Dans la série des reboots, spin-off, sequels et autres raclures de fond de tiroirs hollywoodiens, Ocean’s Eight (Gary Ross, 2018) ne fait qu’allonger la longue et triste liste des films popcorns indigestes qu’il convient d’oublier très rapidement.

“La” casse du siècle

Ne vous y trompez pas, la production de ce nouvel opus de la brillante trilogie de Steven Soderbergh n’a pas été lancée après l’affaire Weinstein. Le film tombe pourtant à point nommé avec son casting 100% féminin et, à l’instar du film Tout l’argent du monde (Ridley Scott, 2017), il possède lui aussi son acteur coupé au montage en la personne de Matt Damon, qui a tenu des propos flous sur les gens accusées de comportement sexuels inappropriés. Quoiqu’il en soit, le long-métrage ne brille pas par l’inventivité de ses personnages ni par son audace scénaristique. Il reprend la trame du film de braquage de son aîné, le brillant Ocean’s Eleven (Steven Soderbergh, 2001), en le mettant à la sauce féminine : il ne s’agit plus de retrouver la femme aimée mais de se venger de l’amant couard.
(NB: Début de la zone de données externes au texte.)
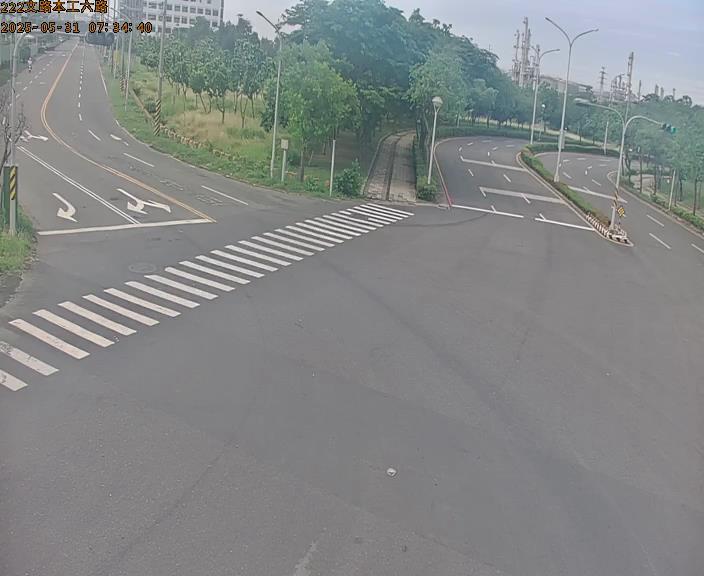 高雄科學園區  222文興路本工六路 距離0.4公里 氣溫24.7度
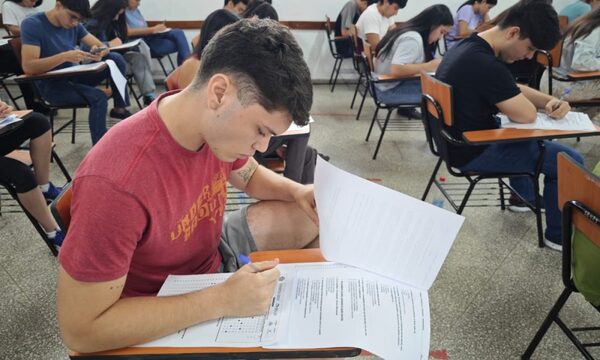 Postulaciones abiertas para las Becas del Gobierno 2025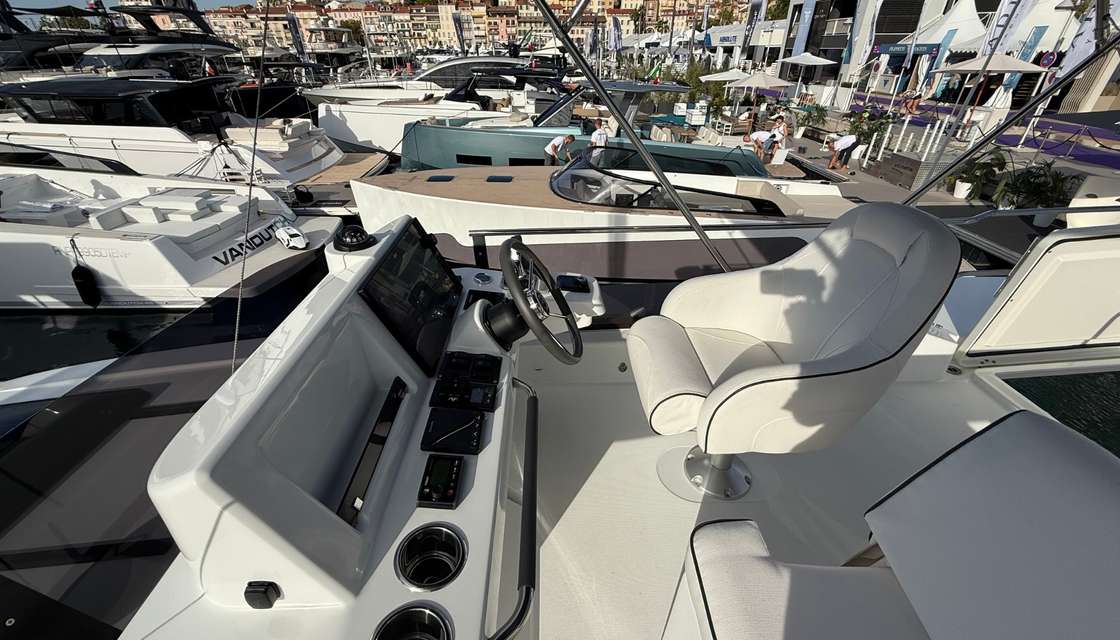 Swift Trawler 37 fly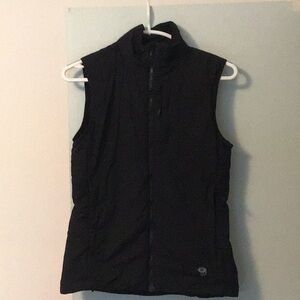Mountain hardwear vest. Small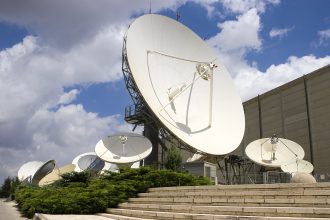 ue pregateste restrictii pentru gigantii americani din spatiu bruxellesul vrea control european asupra frecventelor satelit 6a16f01462f73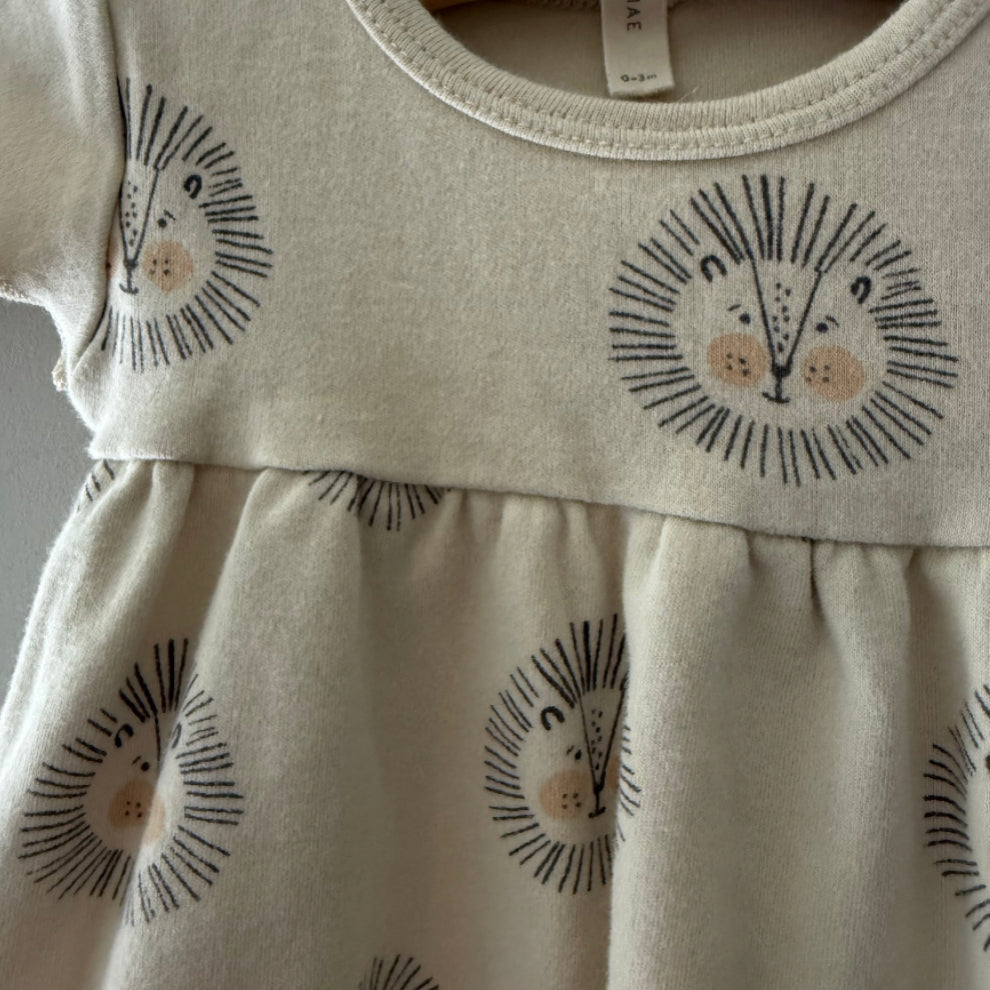 quincy mae cream lion dress 0-3M
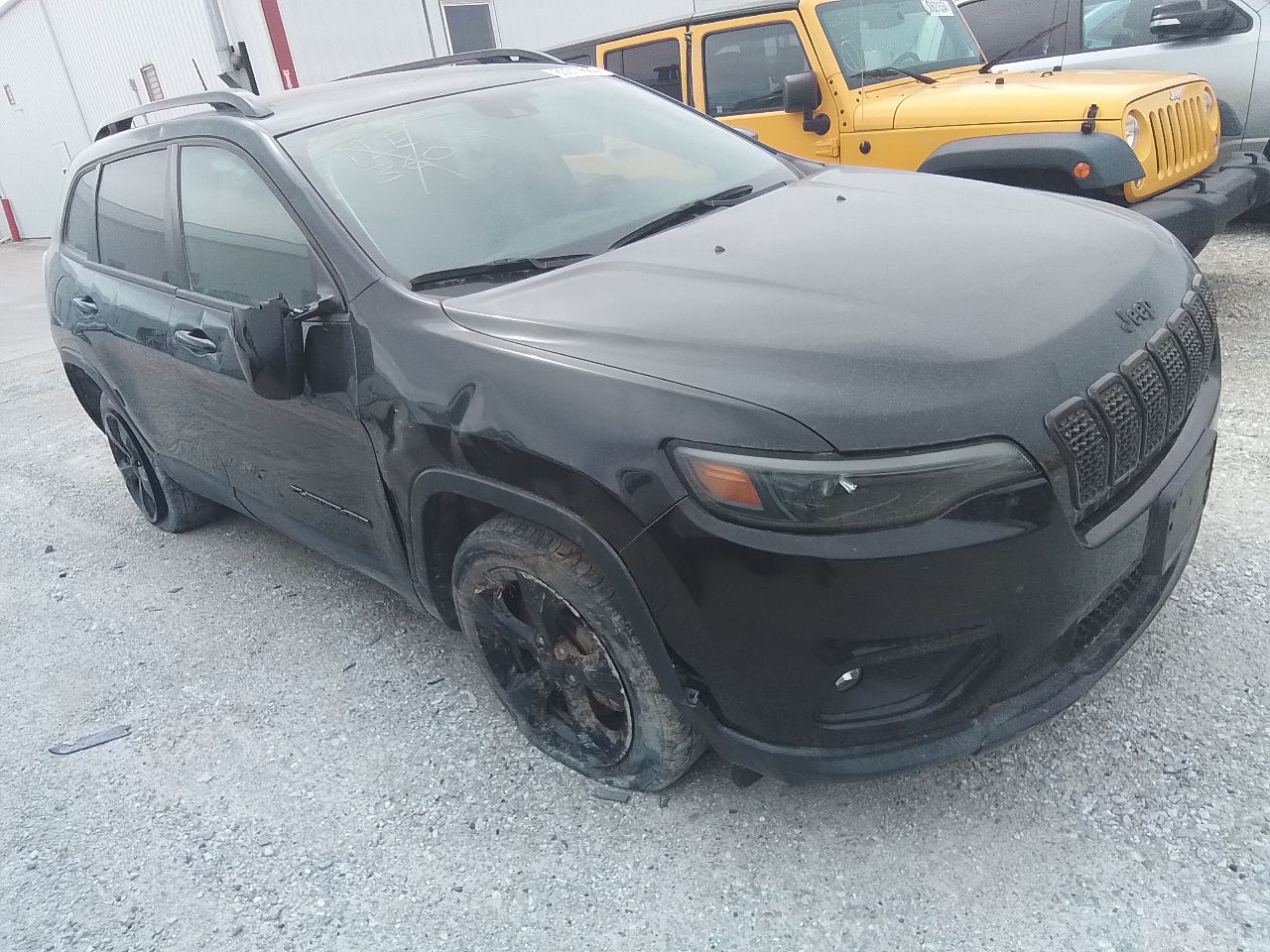 Vehicle/246366_03.jpg
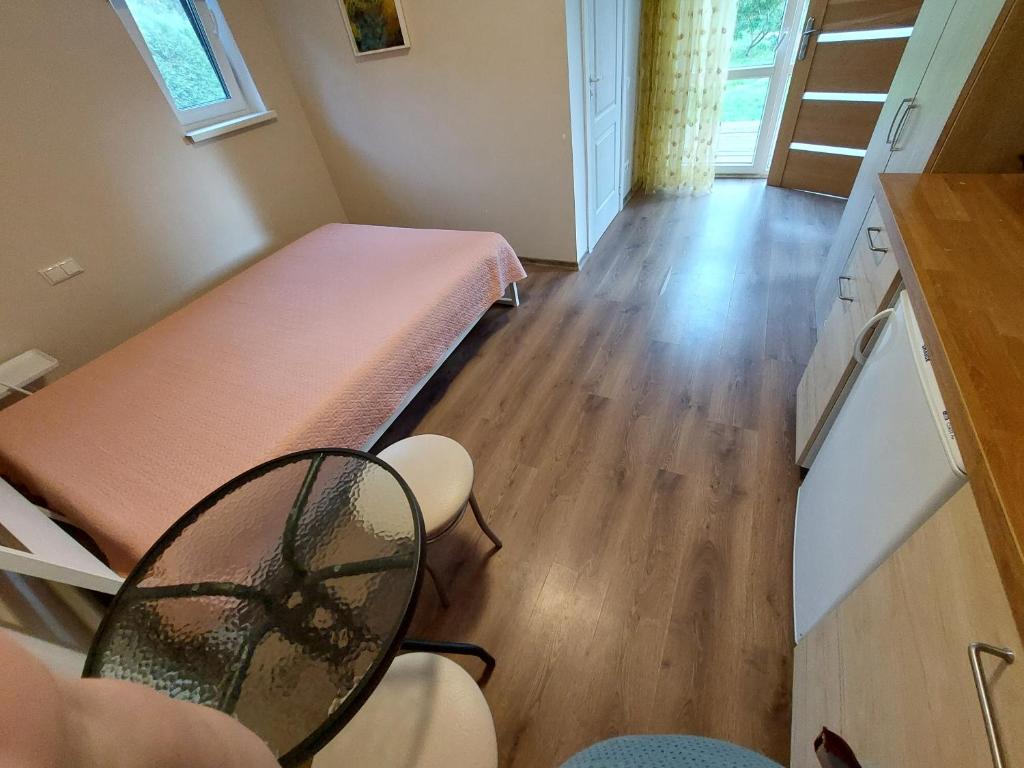 Postel nebo postele na pokoji v ubytování Apartamenti ar verandu diviem cilvēkiem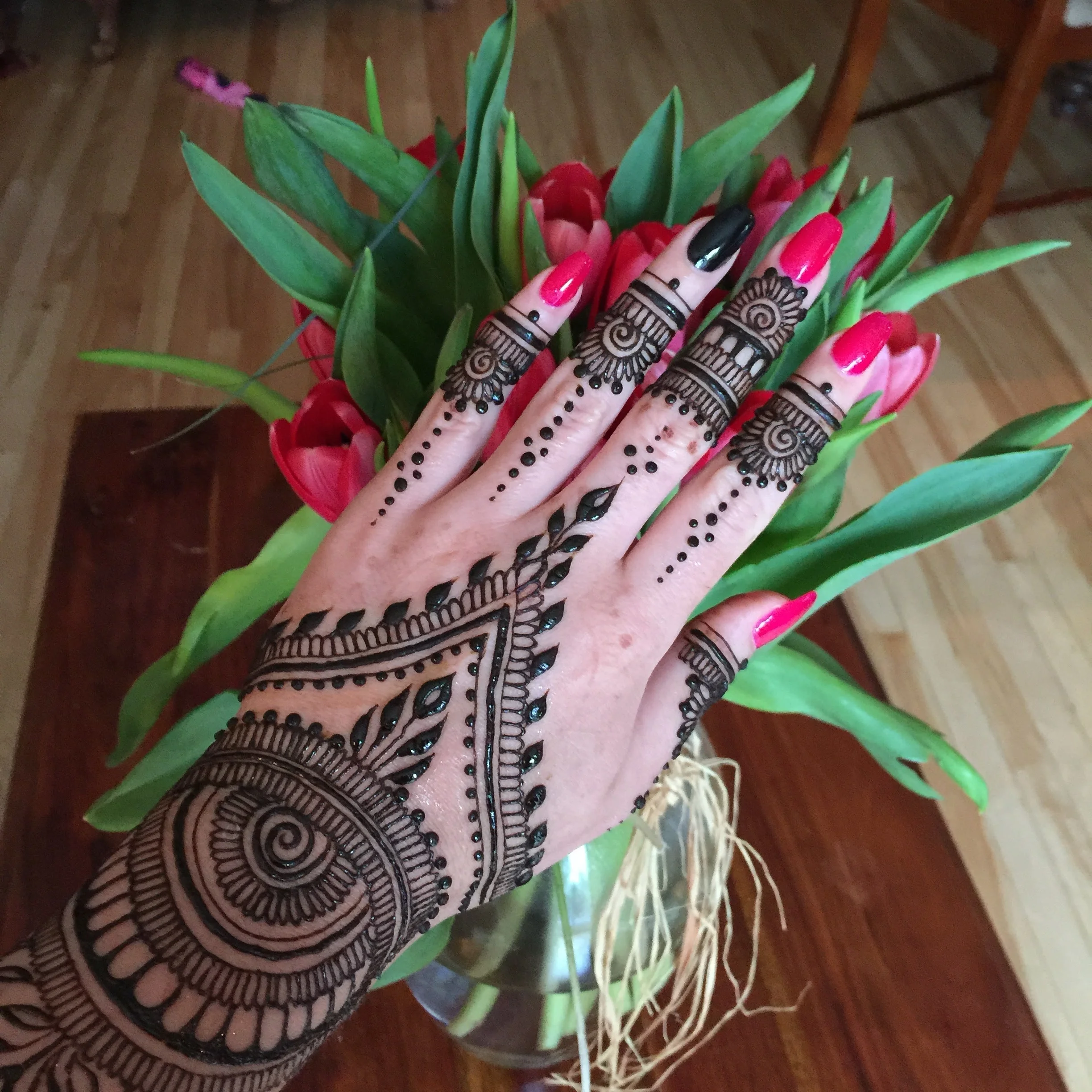 Henna hand w/tulips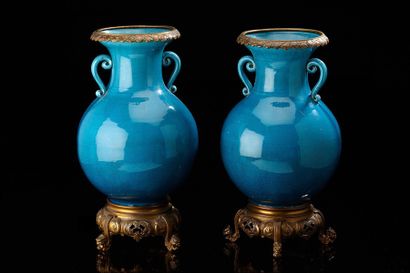 CHINE Paire de vases balustre les anses en forme de rinceaux, à fond monochrome bleu...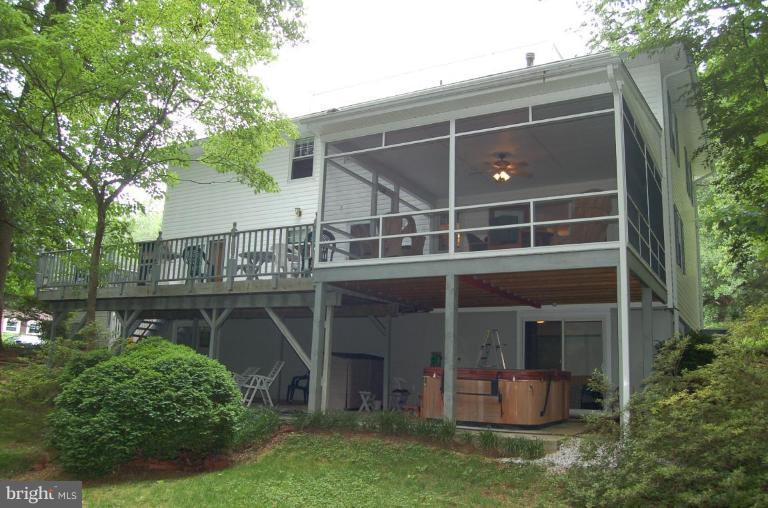 83 Chautaugua Road Arnold, MD 21012 - Photo 2 of 19 Rear View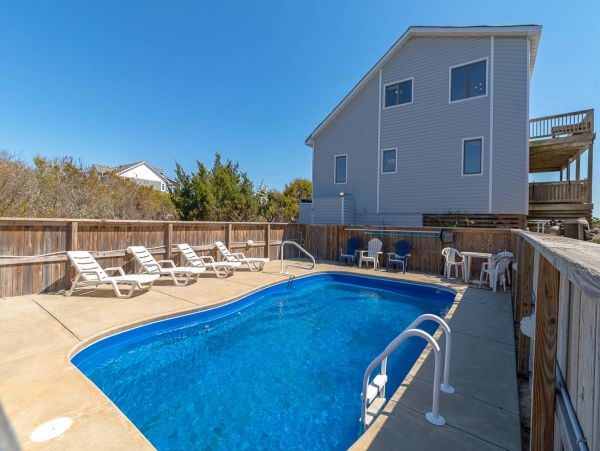 Kitty Hawk Outer Banks Semi-Oceanfront Home Pool & Hot Tub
Pour le reste, il suffit de monter une équipe pour voler le Toussaint, un collier Cartier estimé à 150 millions de dollars, accuser au passage son ancien amant, se partager le butin et vivre sa vie. Une ligne narrative peu excitante, mais qui reste l’égale de celle dont elle s’inspire. On attendait le film ailleurs.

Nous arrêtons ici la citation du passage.